Para a criança, o mundo é muito grande. É enorme. Tudo é grande. E assim sendo, tudo toma proporção maior. Uma brincadeirinha, um presente oferecido, um elogio despretencioso, uma festinha, um lanche com colegas... tudo se torna uma farra, uma comemoração, uma alegria, nesse lindo universo que "os anos não trazem mais".
Nesse contexto, fatos curiosos podem ocorrer. Curiosidades que ensinam aos adultos infantis que o mundo pode ser bom, que podemos ser otimistas, e que as pessoas podem ser boas. O que é ser "bom" ou não é uma outra conversa. Mas o senso comum entendeu.
Acho que tenho uma história.
Ano: 1991. Tinha 9 anos de idade. Frequentava um clube perto de casa onde fazia aulas de natação e caratê, à tarde, após o horário escolar. Embalado pelo sol-céu sempre límpido-azul de Salvador, as aulas de natação eram a maior diversão, bem como o intervalo após ela, até a aula de caratê, uma hora depois. Nesse intervalo, jogavamos bola com alguns amigos, ficávamos brincando na piscina, e, principalmente, iamos lanchar.

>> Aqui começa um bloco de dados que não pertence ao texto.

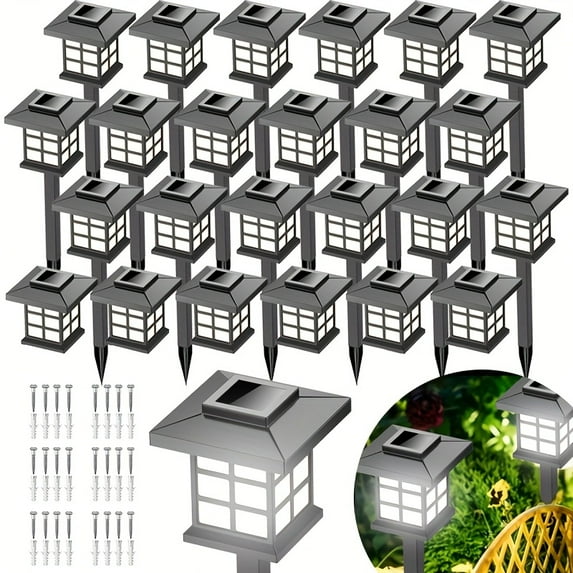 24/12/6 pcs Of 6pcs Of Outdoor Warm Light Solar-charged Outdoor Landscape Garden Lights, Outdoor Solar Lights, Suitable for Paths, Courtyards And Decks..
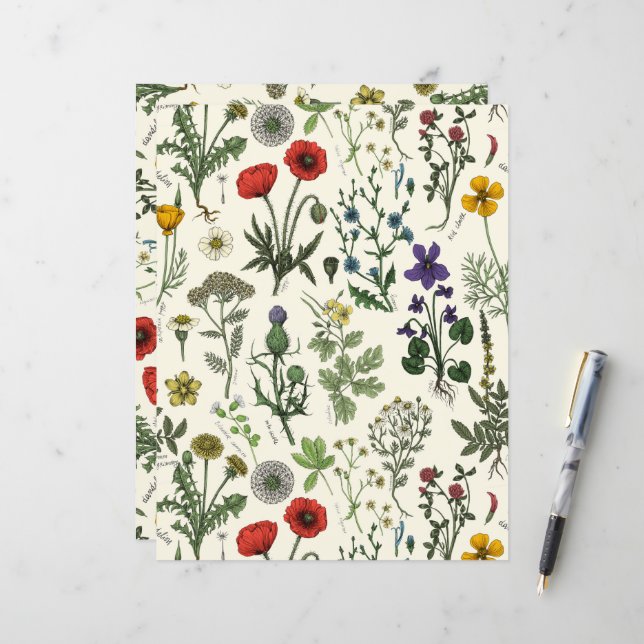 Wildblumen-Collage (Vorderseite/Rückseite Beispiel)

Lanche!! Ficava maravilhado com aqueles mistos, hamburguers, cheeseburgers, e toda a sucarada exposta acintosamente por cruzeiros ou cruzados (não lembro a moeda), nos painéis reluzentes da lanchonete. Lembro que o misto custava 80, e o hamburger 120. Como só tinhamos 100 para o lanche, acabava sendo o misto.
Nossa! Era tão saboroso que o devorava em cinco minutos. E sempre, sempre, com o jeito espalhafatoso que me era peculiar, pedia outro, a altos brados, à minha mãe e às atendentes da lanchonete do clube, mesmo sabendo que não teria outro sanduiche. E feliz assim mesmo, ia para a outra aula.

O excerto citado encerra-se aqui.